Sofferenza e riabilitazione
Il rapporto considera poi il problema della tossicodipendenza, che affligge un detenuto su quattro. Il costo totale della detenzione di queste persone negli istituti penitenziari è di 70 milioni di euro l'anno, per cui una diversa soluzione di tipo socio-sanitario non solo sarebbe più utile in termini di recupero e reinserimento, ma anche dal punto di vista economico. Vengono anche trattate le questioni dei suicidi e dell'isolamento, spesso relazionate fra loro. Nel 2018 è stato registrato un aumento del numero dei suicidi, così come degli atti di autolesionismo. Questi avvengono nella maggior parte dei casi nei reparti di isolamento, una sofferenza aggiuntiva ad una pena che non è mai semplice. Gli isolamenti disciplinari sono aumentati vertiginosamente negli ultimi anni. Antigone ha presentato una proposta di legge per rivedere proprio tutto il sistema dell'isolamento, con lo scopo di prevenire i suicidi nelle carceri.

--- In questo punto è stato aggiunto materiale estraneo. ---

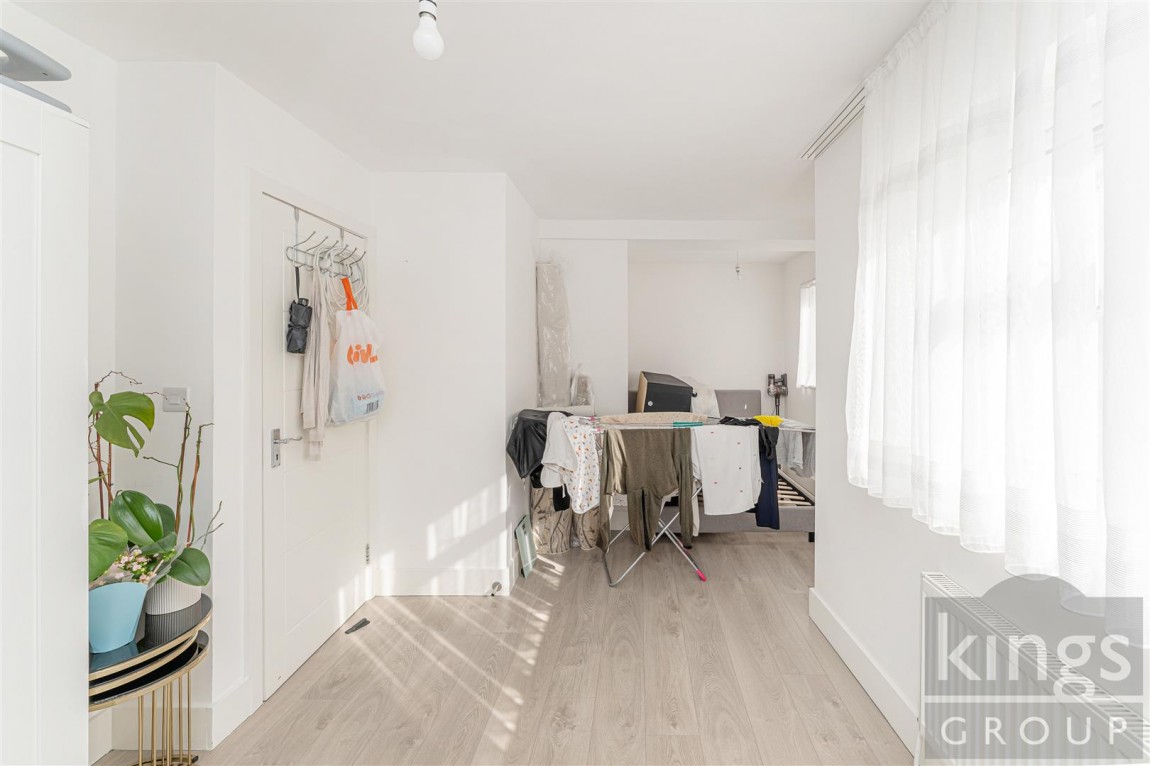 Images for Leyland Avenue, Enfield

Per quanto riguarda invece il lavoro e l'istruzione, ci sono dati più o meno positivi. Sono circa il 30% dei detenuti coloro che vengono occupati in un lavoro, e spesso sono impiegati solamente per qualche ora alla settimana. Un miglioramento di una rete lavorativa che coinvolga i carcerati, sottolinea il rapporto, avrebbe sicuramente un impatto positivo nella loro detenzione. Ad ogni modo, il numero dei ristretti iscritti ad un corso scolastico è in aumento. In ultima, viene considerato il personale che lavora negli istituti penitenziari, denunciando una carenza dell'organico di circa il 16%. Nonostante ci sia comunque un agente ogni due detenuti (la media europea è di 1 ogni 2,6), mancano gli educatori e i mediatori culturali che possano riabilitare queste persone e guidarle nel loro reinserimento nella società.